Esto antes no habría sido considerado arte, dirá con frecuencia el consumidor cultural de la modernidad tardía, pero ahora sí. De hecho, proseguirá, ahora sólo son arte cosas como ésta aunque, para apreciarlas como se debe (y también por motivos más profundos), es preciso conservar y cuidar un amplio patrimonio constituido por gran cantidad de documentos culturales de otras épocas, en cada una de las cuales tenía vigencia cierta noción de lo que era arte y de lo que no, vigencia que a menudo se desplaza a nuestro presente, el cual no sólo admite como arte vivo el suyo propio, sino también (y con frecuencia más indisputablemente) el de algunas épocas pasadas.Si el gesto irónico de quien juega poniendo y quitando las etiquetas de “esto es arte”, “sólo esto es arte” y “¿qué otro arte podría haber?” tiene que parafrasearse, para ser cabalmente entendido, por una explicación como la que acaba de darse, no cabe ninguna duda de que toda ironía se ha evaporado inexorablemente. Toda la pulsión transgresora del arte de vanguardia hubo de ser cuidadosamente administrada de modo que hallase acomodo en el patrimonio cultural que se ofrece al súbdito. La transgresión es una pieza más del menú con que el súbdito cuenta para adquirir certeza de la ilustración propia y para entretenerse honestamente durante unos pocos ratos. El arte del siglo xx tiene que apreciarse, desde luego, en el contexto del patrimonio a que pertenece, donde también figuran, en forma impecablemente pluralista, muestras de lo que se tuvo en otras épocas por arte (y también en ésta, siempre que no se lo tome como contemporáneo). El arte abstracto y el conceptual dependen, como conjuntos de objetos culturales, del patrimonio a que pertenecen, el cual conserva y preserva casi todo lo que sus administradores encuentren a su paso. En la escapada turística (o en la navegación digital) correspondiente, Kandinsky podrá ser el segundo plato y Cimabue el primero (o a la inversa), y lo de menos es que uno y otro tengan que ser degustados mientras solemnemente se declara “el otro plato es comida, pero no lo es de todo”.

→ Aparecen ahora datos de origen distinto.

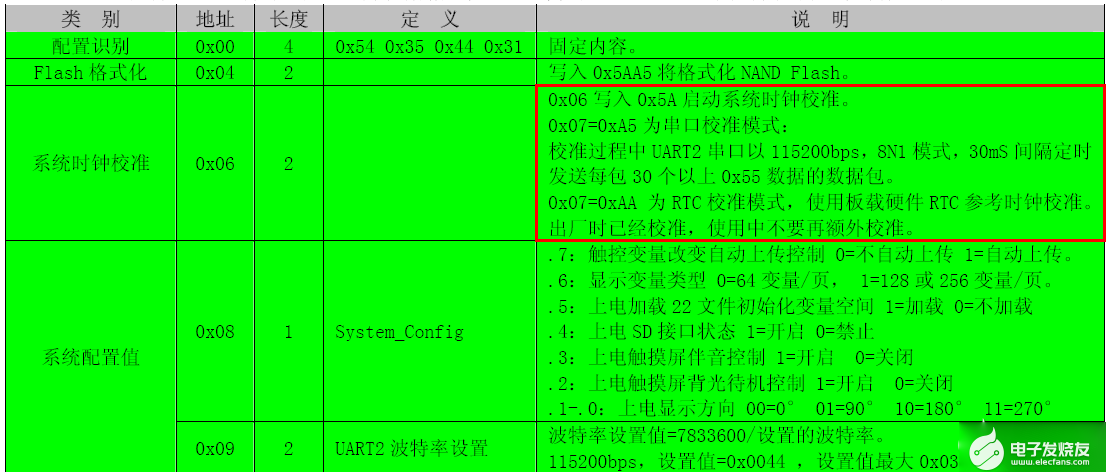 澳新軟件,澳新軟件穩定評估計劃方案_戶版42.27.18全面解讀,數據整合策略分析_凹版90.77.61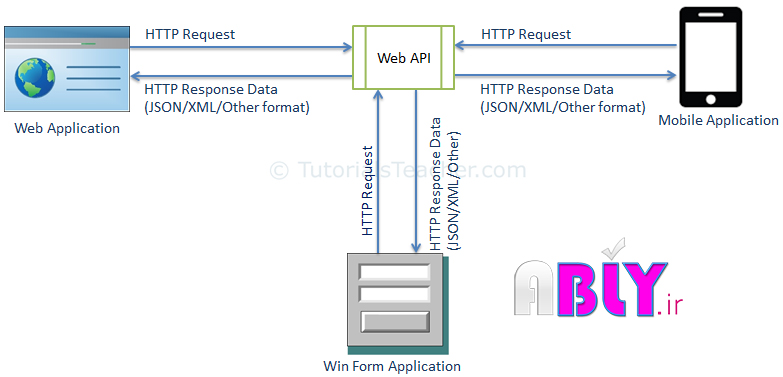 what is web api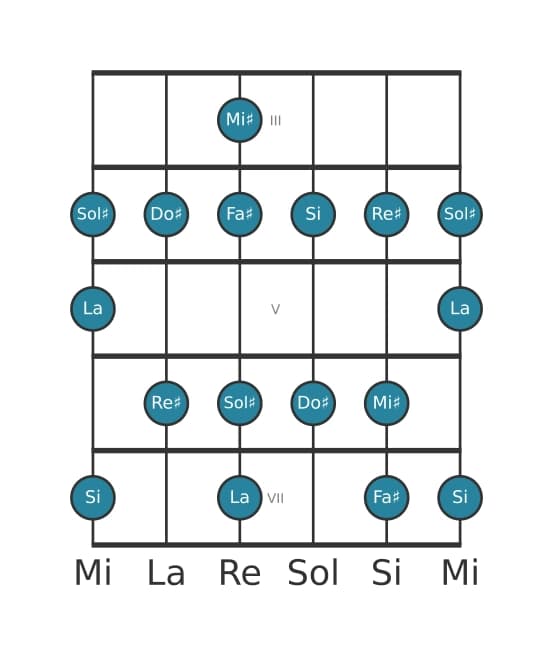 Scala per chitarra per La Lidia aumentata nella posizione 2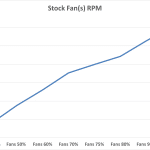 Stock Fans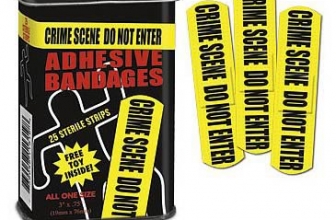 Crime Scene Bandaids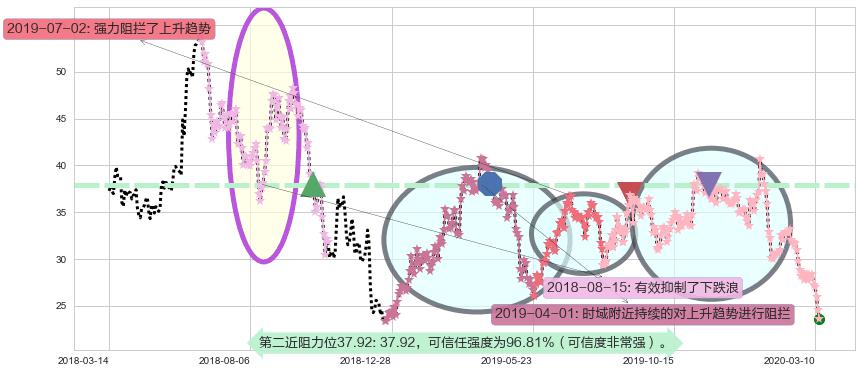 陌陌阻力支撑位图-阿布量化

Como mucho, el espectador y consumidor cultural será un glosador triste de ironías ajenas y sus operaciones estarán seriamente reñidas con cualquier clase de sentido del humor. El consumidor tardomoderno de cultura es alguien cuya principal norma de acción puede enunciarse con toda claridad: evitar con desvelo y hasta con intransigencia la visión del mundo propia de quien, ante la visión de las grandes obras de la pintura del siglo xx, señala que eso puede pintarlo su hija de siete años. Hay, desde luego, muchas razones para aborrecer a esta última clase de personas, pero lo que importa es que el consumidor de cultura cree haber asegurado la salvación de su alma cobrando certeza de que ni pertenece ni puede pertenecer a ese tipo de gente.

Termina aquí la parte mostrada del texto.